> **EXERCISE OBJECTIVE**: Every line in the data below has to be repeated exactly; no picture belongs in the result.

> **GIVEN MATERIAL**:
=-=-=

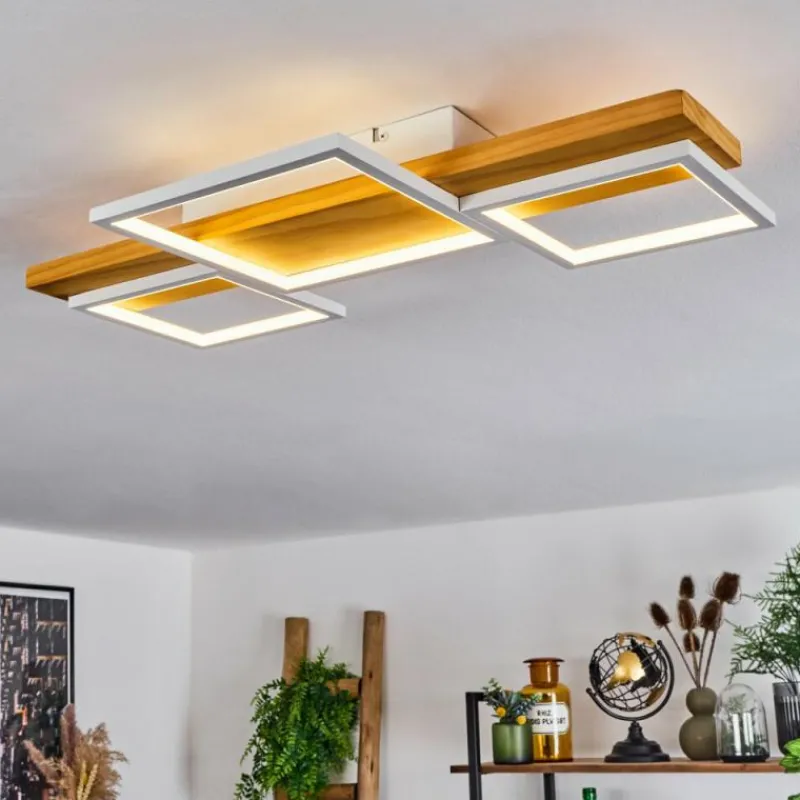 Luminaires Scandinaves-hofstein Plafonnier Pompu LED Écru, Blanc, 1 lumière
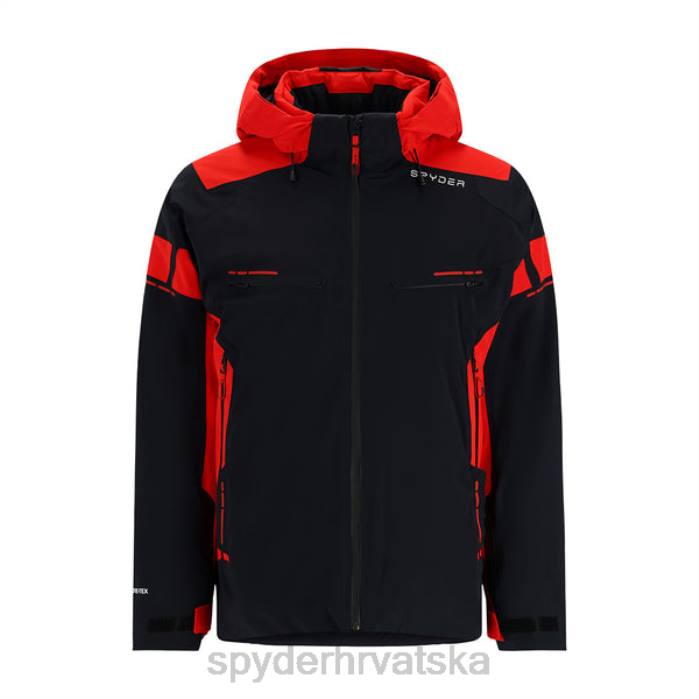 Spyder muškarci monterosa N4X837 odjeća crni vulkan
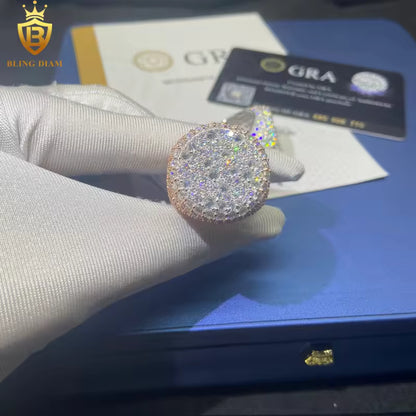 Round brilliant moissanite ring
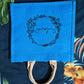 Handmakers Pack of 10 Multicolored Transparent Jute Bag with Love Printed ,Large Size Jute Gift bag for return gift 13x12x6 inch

=-=-=

> **RESULT OF THE TASK**:
 Luminaires Scandinaves-hofstein Plafonnier Pompu LED Écru, Blanc, 1 lumière
 Spyder muškarci monterosa N4X837 odjeća crni vulkan
 Round brilliant moissanite ring
 Handmakers Pack of 10 Multicolored Transparent Jute Bag with Love Printed ,Large Size Jute Gift bag for return gift 13x12x6 inch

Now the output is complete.